From time to time, I like editing questions and answers here and there that require some considerable formatting and overall question refining, so OP would actually have a good chance of someone answering their question.

While this operation is a bit time consuming and requires some effort - sometimes I stumble upon some very minor edits (usually done by high rep. users) that I'm not sure if they were actually needed, and what their gain is.

For example:

  • I edited this question and left the "TIA" word (since I use it in my questions and it's "nice to have"), while OP removed it.
  • In this question I edited, OP only changed the letter i to I in the title.

I'm not sure how the system even accepts such edits, as a revision requires at least 5 or 6 character changes to be submitted. I assume this gets approved automatically for high rep. users?

And if so, should we actually make such minor changes?

  • 5
    We generally don't use "polite" phrases (like TIA, Thanks,...) - in technical context they are regarded as clutter that doesn't make the question easier to read .
    – guntbert
    Commented Dec 28, 2020 at 21:22
  • When users add a whole bunch of words and sentences such as: "thanks for the help I'm a total beginner", I tend to remove them when editing. But I'm not sure a single word or two such as TIA, thanks, or thank you is that bad or critical. In my opinion at least.
    – Pizza
    Commented Dec 29, 2020 at 9:25
  • 1
    No worries - it is definitely not "that bad" :-) But please don't add such phrases when editing/suggesting an edit. (My comment was intended as a sidenote only)
    – guntbert
    Commented Dec 29, 2020 at 16:10

3 Answers 3


In both cases, it isn't the OP who made the secondary edits you refer to, but another user who was reviewing your suggested edit.

Reviewers other than the OP must have 2000 reputation. At that level, users can make edits:

  • without having to undergo review,
  • without having to meet the character limit,
  • however, without the 2-rep reward.

The help officially discourages trivial edits:

Tiny, trivial edits are discouraged - try to make the post significantly better when you edit, correcting all problems that you observe.

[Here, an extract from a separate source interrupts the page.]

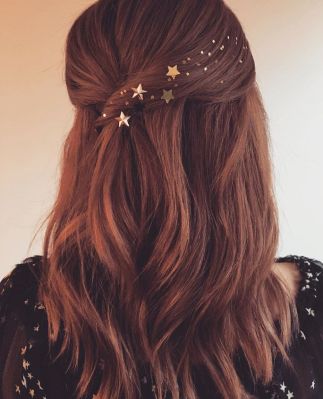 90er Frisuren: Glitzer in den Haare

  • The "Improve edit" review action is specifically for cases where the reviewer feels a suggested edit missed out on something; and
  • At this rep, trivial edits only bother the OP. They get a notification when their post is edited, but then in such cases (suggested edits with an improvement tacked on) they're getting a notification anyway, so it makes no difference.

muru's answer is all true, but I just want to add some extra information, as the edits you linked are done by a user with the edit privilege.

And before answering your question, I want to explain how edits work first. There are 2 types of edits:

Normal edits

These are edits that can be done by anyone with the edit privilege. They don't need to be reviewed and they have no restrictions.

Edit suggestions

These are edits that are done by users without the edit privilege, which on Ask Ubuntu you receive after reaching a reputation of 2000.

Those edits have restrictions on them. A hard restriction, which is a minimum amount of character changes. And a soft restriction, which is set by the community where reviewers reject minor edits.

Having said that, the reason we prefer not to have minor edits isn't that they are just minor. It's because they waste reviewers time and daily review limit. We reject those to teach newcomers that they should put work into the edits so that they are worth being reviewed by two other members.

Once your reputation reaches 2000, you are free to do any sort of edits. Although it's still preferable to avoid minor and unnecessary edits, it's fine to do them, especially on new or active Q&A posts. You won't need to take the reviewer's time in this case. And that mostly what it is about.


Besides the managerial reasons stated by muru and Dan, I would also like to add a bit of technical reasoning.

Why are those edits allowed?

Because sometimes it's the details that make the difference.

I very specifically remember two weeks ago, when I was helping an owner of a small VPS setup a piece of software over Discord. To be honest the errors he was dealing with were quite novice-level, yet the OG developer of said software wasn't able to help him because his description of the error greatly confused him.

But then I realised why they were having trouble communicating - this VPS owner was confusing nvm - a program used to manage NodeJS versions, with npm - NodeJS's package manager. This developer had in fact never used nvm, thought it was a typo, and therefore was befuddled by the unfamiliar error messages the program was spitting out.

So all I did was pointed out the difference to both of them. They went "ah-hah", and the problem was solved in no time. Now imagine if this is a question on StackExchange - by simply changing a single letter, the question can become a whole lot clearer.

Now from a technical perspective, it's completely impractical to try to distinguish this kind of edit from other kinds of "meaningless" minor edits. I imagine you can train a neural network to estimate the "meaning delta", but that sounds like a lot of work and it is. Considering there is little to gain from spamming minor edits, it's best to just leave them alone.

Why are these edits registered in edit history?

Because no matter how small they are, they are edits nonetheless.

To give the simplest of examples - you can easily invert the meaning of a sentence entirely by inserting a "not". Hopefully I do not have to explain further why small edits need to be recorded as well.